WORKING DATA —
<<<<

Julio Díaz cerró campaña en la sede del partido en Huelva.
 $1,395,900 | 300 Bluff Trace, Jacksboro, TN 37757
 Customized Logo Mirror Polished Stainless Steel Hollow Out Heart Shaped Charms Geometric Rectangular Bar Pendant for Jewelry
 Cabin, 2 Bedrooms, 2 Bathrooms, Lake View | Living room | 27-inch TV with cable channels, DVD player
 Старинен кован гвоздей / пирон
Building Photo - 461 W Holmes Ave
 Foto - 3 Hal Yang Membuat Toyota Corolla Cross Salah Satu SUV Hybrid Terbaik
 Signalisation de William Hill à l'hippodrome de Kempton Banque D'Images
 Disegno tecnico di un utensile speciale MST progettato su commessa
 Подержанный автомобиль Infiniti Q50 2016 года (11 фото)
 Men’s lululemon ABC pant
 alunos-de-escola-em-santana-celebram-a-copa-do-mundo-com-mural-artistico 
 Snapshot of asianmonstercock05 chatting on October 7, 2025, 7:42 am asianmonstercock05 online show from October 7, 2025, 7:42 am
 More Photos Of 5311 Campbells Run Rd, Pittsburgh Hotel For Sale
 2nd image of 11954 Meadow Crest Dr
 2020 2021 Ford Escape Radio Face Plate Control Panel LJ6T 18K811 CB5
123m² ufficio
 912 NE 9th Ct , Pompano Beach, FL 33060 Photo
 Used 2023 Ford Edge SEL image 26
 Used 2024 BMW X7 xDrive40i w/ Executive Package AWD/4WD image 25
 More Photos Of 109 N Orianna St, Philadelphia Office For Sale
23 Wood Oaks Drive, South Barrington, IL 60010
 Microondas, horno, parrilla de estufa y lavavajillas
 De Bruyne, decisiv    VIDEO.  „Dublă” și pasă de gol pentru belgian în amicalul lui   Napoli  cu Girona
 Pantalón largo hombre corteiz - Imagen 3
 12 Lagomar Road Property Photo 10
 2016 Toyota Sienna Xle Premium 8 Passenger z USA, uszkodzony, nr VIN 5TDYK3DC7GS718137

>>>>

REQUIREMENT — Tally the lines of the data that contain the string "Sale", and report nothing but the tally.

YOUR RESPONSE — 2